Our walk and talks consisted of small talk, hopes and plans based on the limited life experiences either of us had, mine limited by age and Gene’s being relegated to prisons and being on the lam. There was little or no prison gossip, an old school convict Gene frowned upon that sort wasted talk. But prison wisdom is something he offered up quite often. He schooled me in the penitentiary rules of the road.
Gene like many in those years called me youngster. An honest crook, he never minced his words, counseling me that I exhibited great potential to return once I sprung from my first bid. He saw them come and go over the decades and was fond of saying that I was “still too full of piss and vinegar.” What would determine whether I ended up back behind the wall was in what move made when I rode out of the gates to the bus station when paroled.

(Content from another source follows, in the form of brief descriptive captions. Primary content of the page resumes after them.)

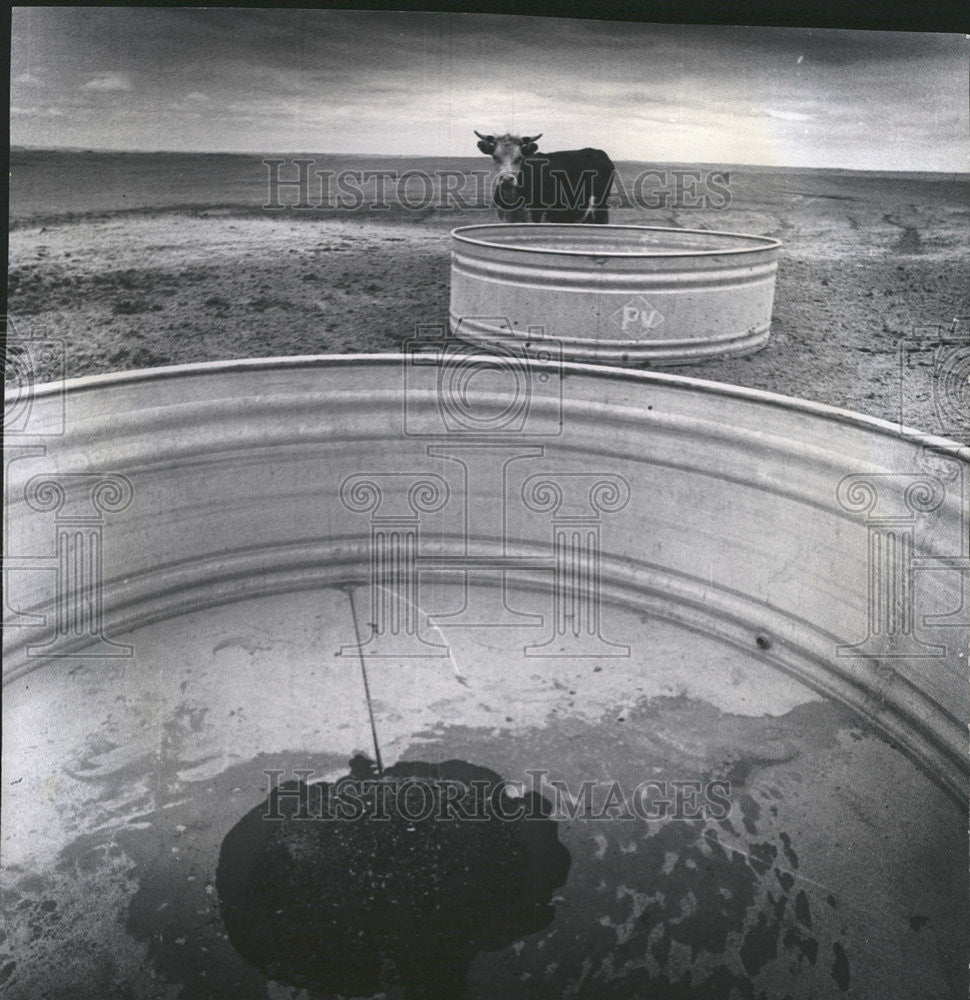 1974 Press Photo Cheyenne River Reservation Cattle Drought - Historic Images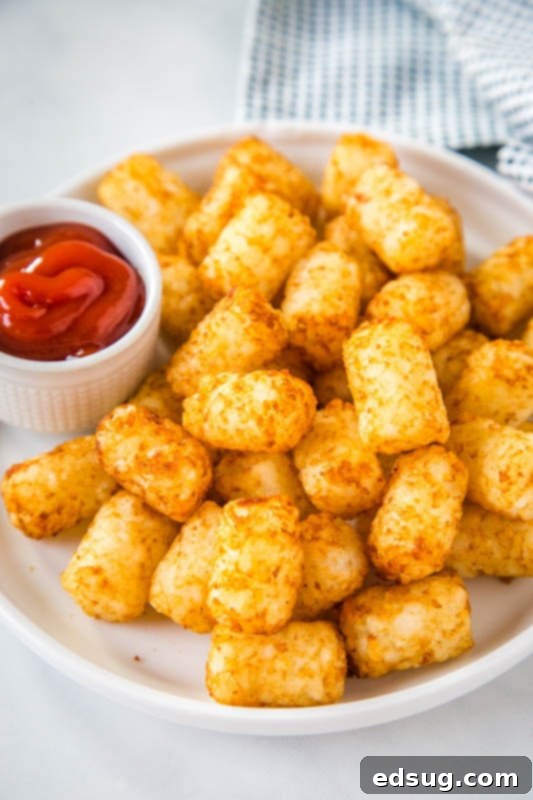 Crispy Air Fryer Tater Tots 2 crispy tater tots on white plate with ketchup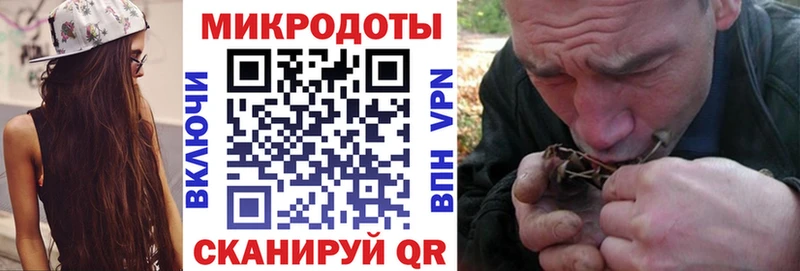 Псилоцибиновые грибы Psilocybe  Мамоново 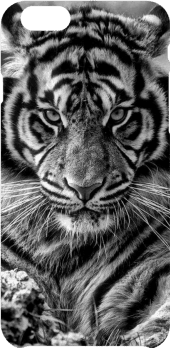 cover Tiger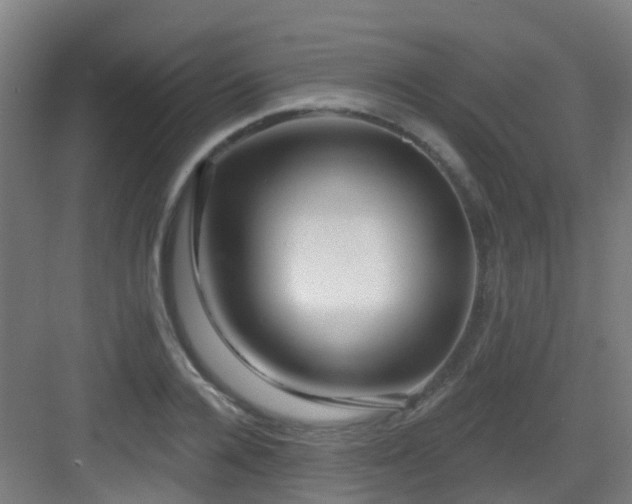 X0000082930936200702081537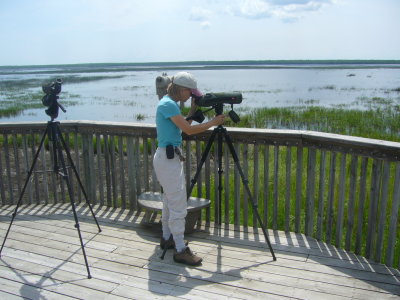 Lunch and Birding at Rice Lake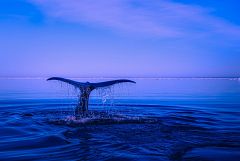 Ballenas en el mar Cantábrico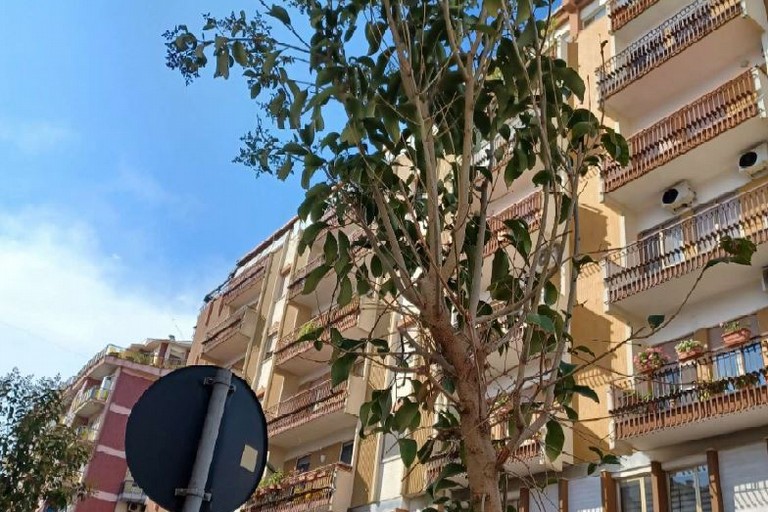 Trani | Verde pubblico in sofferenza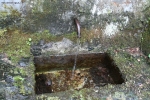 Prossima Foto: acqua e muschio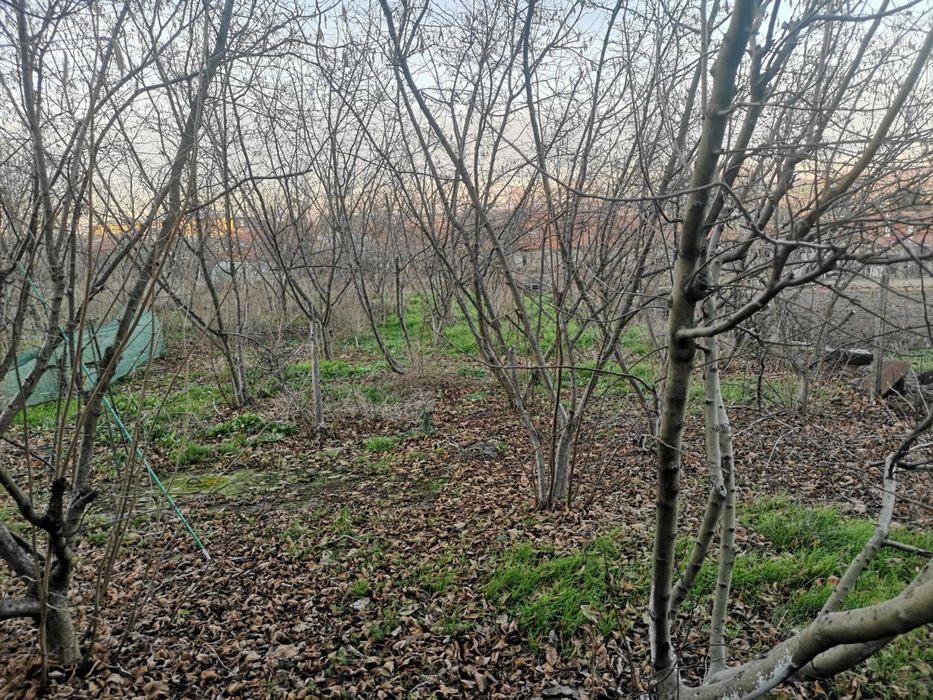 Продава се Къща в с. Ябълково, Област Хасково - 79 кв.м за 187 €/кв.м - Снимка #17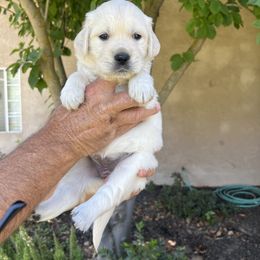 Golden Retriever Puppies from Michelle‘s English cream golden retrievers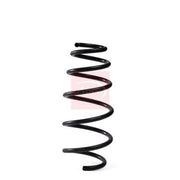 Apec Front Suspension Coil Spring ACS2008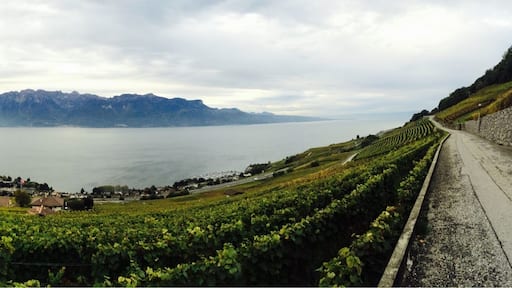 Alpes view from grapefruits garden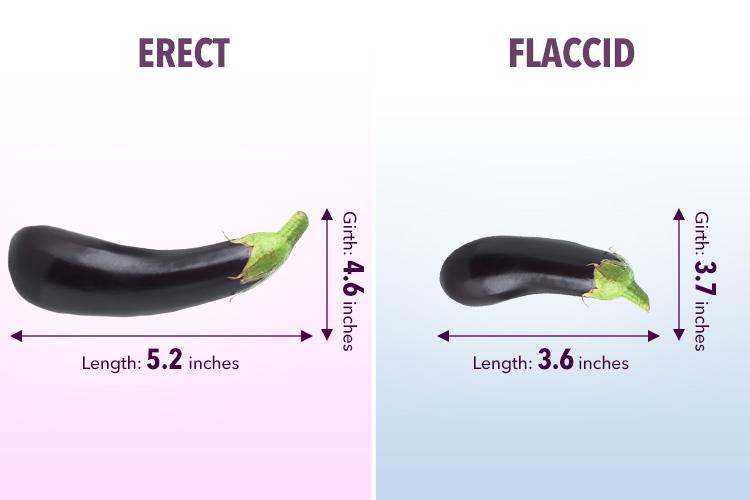  On average an erect penis measures about 5.2 inches long and a flaccid penis measures at 3.6 inches long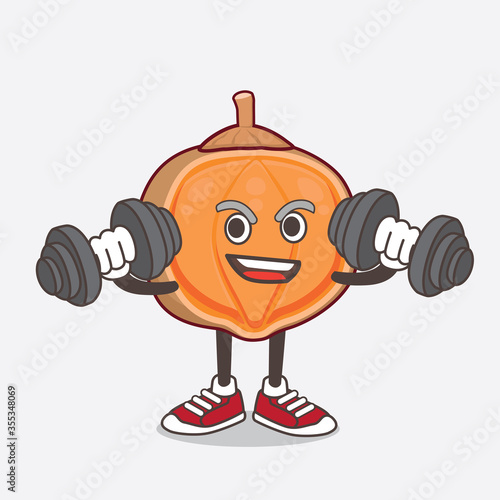 Quararibea Cordata cartoon mascot character on fitness exercise using barbells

Gene once said to me, “when that van pulls away, and you turn back to take one last look at the gates, what you’re leaving behind, then you will know be back. One move will tell you that you just aren’t done yet youngster.” I would chuckle and chalk it up to one of prisons’ many old wives’ tales.
For better or worse those years would shape and form the man I would become. Prison was my proving ground and road map to what I thought it meant to be a man. We talked about a lot, and I learned many lessons while rounding the perimeter of that prison yard.
I eventually said goodbye to the fellas, and to Gene. One of guys in my crew had put me in a loading dock job back in Chicago. I side benefit to being in the know and in the owe.
I remember that day I loaded up into the white transpo van headed to the Las Vegas Greyhound Bus station. We pulled away down the dusty desert road. Without even so much as a thought, almost by second nature, I turned my head to look back as we drove away. When I turned forward again, I caught a glimpse the bull driving the van eyeing me in through the rear-view mirror.
I chuckled to myself. Those old convict wives’ tales. I was still too full of piss and vinegar.